(Short text fragments from websites)
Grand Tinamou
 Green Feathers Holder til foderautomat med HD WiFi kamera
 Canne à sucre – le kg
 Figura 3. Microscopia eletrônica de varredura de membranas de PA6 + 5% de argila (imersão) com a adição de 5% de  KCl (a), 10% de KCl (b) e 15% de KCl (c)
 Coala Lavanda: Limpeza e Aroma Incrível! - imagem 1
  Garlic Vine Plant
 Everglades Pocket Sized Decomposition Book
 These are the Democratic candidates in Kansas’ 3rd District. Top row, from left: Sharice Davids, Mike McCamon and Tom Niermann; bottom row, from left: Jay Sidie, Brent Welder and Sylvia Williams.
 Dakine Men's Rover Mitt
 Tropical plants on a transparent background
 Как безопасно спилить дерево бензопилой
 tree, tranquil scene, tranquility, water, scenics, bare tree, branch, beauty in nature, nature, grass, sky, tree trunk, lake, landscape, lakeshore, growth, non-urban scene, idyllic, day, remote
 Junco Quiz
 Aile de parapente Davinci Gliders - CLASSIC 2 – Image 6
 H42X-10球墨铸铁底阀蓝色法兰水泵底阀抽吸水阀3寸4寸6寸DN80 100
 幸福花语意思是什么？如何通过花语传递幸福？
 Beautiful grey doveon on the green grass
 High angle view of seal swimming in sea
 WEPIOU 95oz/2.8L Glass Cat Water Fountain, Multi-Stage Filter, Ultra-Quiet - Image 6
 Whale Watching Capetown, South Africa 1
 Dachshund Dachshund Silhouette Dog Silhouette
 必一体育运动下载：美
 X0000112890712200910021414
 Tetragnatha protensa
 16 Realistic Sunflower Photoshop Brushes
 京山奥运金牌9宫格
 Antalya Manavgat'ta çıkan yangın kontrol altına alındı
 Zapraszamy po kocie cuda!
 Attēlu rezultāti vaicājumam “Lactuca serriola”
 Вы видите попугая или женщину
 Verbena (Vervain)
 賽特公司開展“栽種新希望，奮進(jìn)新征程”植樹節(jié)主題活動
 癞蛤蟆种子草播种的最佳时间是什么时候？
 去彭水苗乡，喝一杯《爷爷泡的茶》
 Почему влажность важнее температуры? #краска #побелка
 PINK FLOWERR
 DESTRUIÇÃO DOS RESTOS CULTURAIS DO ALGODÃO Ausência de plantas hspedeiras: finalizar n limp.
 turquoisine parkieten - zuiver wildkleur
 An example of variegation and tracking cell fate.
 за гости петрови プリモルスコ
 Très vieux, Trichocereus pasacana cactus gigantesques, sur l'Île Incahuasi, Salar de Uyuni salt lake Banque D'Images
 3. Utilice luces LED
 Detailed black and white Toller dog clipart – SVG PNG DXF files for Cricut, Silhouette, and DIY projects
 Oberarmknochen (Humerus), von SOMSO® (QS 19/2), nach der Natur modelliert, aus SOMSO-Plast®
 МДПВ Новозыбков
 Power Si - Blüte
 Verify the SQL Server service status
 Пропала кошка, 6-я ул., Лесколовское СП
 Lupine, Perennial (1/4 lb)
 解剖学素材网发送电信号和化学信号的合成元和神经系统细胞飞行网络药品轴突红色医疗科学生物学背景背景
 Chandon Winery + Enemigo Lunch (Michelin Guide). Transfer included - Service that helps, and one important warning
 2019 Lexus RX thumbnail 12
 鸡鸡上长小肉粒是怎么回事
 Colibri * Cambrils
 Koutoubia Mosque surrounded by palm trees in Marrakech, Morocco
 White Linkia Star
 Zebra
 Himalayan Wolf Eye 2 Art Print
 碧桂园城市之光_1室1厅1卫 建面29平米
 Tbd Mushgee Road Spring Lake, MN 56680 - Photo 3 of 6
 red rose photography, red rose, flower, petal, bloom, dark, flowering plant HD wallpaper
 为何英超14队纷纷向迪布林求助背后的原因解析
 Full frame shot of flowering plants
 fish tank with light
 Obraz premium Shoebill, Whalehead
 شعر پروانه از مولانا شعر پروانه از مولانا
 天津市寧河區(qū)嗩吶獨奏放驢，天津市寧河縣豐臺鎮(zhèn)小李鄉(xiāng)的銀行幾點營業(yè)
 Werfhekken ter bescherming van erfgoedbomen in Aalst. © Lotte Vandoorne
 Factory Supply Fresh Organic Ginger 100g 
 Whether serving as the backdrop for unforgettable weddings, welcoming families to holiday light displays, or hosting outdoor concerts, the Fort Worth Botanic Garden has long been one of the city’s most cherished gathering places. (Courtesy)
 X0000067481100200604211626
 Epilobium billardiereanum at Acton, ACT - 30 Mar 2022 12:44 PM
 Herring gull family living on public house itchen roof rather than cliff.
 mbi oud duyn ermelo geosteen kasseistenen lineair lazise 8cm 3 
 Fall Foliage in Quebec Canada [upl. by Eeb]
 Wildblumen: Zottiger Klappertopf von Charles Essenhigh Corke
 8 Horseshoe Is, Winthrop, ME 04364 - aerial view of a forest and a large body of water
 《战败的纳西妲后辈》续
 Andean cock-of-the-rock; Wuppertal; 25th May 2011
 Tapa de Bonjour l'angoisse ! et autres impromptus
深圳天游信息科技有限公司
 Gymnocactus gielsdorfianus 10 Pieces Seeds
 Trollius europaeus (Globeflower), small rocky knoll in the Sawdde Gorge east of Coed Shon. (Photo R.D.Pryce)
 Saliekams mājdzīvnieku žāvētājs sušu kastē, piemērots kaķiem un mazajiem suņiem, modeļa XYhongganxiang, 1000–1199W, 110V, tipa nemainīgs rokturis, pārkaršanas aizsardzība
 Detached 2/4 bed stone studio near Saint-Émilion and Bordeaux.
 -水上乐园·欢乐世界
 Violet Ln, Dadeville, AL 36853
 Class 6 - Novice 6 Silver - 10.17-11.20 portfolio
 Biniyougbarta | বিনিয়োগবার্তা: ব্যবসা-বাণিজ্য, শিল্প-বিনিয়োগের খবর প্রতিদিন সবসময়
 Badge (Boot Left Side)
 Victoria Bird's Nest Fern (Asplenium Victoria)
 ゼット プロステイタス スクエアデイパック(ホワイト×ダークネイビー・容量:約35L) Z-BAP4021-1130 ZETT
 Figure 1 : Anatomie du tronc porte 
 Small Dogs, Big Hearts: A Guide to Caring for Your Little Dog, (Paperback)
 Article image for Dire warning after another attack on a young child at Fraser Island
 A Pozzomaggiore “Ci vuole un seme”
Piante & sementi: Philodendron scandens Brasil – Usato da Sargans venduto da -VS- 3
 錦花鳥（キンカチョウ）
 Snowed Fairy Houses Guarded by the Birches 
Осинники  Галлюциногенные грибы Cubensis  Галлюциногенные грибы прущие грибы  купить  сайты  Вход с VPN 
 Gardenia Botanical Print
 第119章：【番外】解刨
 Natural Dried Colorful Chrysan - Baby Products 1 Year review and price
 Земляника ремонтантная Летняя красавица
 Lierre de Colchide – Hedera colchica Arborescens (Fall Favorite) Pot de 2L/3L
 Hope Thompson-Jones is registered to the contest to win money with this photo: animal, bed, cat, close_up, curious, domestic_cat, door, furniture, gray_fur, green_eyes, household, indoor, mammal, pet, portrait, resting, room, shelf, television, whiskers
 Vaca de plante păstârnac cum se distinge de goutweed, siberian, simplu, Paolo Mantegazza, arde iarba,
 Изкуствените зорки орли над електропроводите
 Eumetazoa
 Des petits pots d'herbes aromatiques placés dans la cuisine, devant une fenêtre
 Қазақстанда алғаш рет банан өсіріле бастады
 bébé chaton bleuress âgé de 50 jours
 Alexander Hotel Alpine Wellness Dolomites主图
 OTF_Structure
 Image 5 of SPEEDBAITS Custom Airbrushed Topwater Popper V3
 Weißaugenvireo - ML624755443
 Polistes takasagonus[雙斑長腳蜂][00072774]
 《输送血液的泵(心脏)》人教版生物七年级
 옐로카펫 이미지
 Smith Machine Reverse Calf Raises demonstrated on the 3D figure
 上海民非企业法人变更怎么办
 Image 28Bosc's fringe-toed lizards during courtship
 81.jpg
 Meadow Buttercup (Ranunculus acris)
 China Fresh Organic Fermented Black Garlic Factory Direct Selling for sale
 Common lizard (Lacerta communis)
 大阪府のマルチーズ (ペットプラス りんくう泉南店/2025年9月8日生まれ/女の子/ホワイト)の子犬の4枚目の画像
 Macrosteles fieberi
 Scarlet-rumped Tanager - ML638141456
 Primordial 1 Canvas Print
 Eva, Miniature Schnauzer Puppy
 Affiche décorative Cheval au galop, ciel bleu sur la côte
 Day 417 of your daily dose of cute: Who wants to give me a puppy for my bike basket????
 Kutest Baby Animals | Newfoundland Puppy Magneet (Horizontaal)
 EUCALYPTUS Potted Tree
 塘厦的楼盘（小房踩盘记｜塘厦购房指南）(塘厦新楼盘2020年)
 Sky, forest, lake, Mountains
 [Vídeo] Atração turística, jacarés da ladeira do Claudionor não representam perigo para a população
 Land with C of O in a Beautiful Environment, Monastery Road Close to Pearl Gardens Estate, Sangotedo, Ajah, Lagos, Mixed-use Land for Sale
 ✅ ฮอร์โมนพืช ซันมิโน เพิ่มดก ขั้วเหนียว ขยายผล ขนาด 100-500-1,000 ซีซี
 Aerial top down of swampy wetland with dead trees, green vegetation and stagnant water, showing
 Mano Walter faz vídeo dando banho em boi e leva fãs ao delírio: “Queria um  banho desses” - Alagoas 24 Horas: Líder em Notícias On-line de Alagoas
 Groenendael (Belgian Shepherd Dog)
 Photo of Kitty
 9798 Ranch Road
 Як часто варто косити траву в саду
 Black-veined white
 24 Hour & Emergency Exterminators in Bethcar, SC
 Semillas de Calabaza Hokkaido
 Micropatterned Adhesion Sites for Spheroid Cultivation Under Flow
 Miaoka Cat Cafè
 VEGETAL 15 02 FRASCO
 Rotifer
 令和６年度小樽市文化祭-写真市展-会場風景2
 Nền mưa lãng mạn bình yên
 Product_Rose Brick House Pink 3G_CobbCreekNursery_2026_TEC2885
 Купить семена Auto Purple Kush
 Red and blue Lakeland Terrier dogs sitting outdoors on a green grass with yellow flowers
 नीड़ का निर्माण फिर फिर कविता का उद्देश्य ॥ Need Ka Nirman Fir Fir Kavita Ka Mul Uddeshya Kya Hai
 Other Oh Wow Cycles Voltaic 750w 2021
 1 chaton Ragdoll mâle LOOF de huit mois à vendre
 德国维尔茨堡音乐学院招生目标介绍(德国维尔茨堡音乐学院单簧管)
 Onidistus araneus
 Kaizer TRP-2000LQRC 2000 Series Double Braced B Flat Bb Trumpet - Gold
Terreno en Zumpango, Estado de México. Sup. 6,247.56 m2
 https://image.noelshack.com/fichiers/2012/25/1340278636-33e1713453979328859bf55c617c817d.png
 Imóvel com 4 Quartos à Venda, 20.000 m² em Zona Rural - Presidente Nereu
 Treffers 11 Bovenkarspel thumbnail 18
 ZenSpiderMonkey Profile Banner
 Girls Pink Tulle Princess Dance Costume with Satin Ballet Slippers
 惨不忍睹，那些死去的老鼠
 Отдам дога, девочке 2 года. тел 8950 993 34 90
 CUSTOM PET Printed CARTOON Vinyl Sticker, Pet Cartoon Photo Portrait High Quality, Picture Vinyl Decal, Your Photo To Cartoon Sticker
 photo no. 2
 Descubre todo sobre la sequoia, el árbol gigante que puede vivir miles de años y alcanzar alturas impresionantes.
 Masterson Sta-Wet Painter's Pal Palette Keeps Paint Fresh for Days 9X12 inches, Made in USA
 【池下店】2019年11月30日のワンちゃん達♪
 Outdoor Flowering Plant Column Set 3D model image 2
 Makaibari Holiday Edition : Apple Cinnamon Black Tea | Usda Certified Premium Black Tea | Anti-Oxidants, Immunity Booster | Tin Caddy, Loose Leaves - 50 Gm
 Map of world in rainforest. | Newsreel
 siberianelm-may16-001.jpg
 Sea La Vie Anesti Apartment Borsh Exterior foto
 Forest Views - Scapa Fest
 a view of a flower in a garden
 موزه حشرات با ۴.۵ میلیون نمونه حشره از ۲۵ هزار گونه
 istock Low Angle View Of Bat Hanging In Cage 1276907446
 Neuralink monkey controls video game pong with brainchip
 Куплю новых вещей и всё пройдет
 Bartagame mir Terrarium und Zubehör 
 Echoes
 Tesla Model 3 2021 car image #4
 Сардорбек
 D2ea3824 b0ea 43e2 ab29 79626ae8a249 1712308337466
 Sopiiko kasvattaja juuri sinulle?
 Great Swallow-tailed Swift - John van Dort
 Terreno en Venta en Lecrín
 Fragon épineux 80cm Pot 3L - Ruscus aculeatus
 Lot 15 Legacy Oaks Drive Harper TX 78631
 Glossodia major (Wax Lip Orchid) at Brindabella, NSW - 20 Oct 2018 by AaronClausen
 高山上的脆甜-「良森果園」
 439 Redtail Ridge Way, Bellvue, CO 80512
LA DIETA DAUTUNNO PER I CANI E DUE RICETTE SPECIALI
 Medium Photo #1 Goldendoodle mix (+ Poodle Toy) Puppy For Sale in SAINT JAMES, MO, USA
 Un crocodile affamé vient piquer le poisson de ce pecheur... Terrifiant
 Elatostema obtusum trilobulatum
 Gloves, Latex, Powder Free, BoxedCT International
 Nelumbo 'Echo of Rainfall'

The problem: Write out exactly the lines above between the line with "Himalayan Wolf Eye 2 Art Print" and the line with "Factory Supply Fresh Organic Ginger 100g", inclusive, and nothing beyond them.

Output below:
 Himalayan Wolf Eye 2 Art Print
 碧桂园城市之光_1室1厅1卫 建面29平米
 Tbd Mushgee Road Spring Lake, MN 56680 - Photo 3 of 6
 red rose photography, red rose, flower, petal, bloom, dark, flowering plant HD wallpaper
 为何英超14队纷纷向迪布林求助背后的原因解析
 Full frame shot of flowering plants
 fish tank with light
 Obraz premium Shoebill, Whalehead
 شعر پروانه از مولانا شعر پروانه از مولانا
 天津市寧河區(qū)嗩吶獨奏放驢，天津市寧河縣豐臺鎮(zhèn)小李鄉(xiāng)的銀行幾點營業(yè)
 Werfhekken ter bescherming van erfgoedbomen in Aalst. © Lotte Vandoorne
 Factory Supply Fresh Organic Ginger 100g 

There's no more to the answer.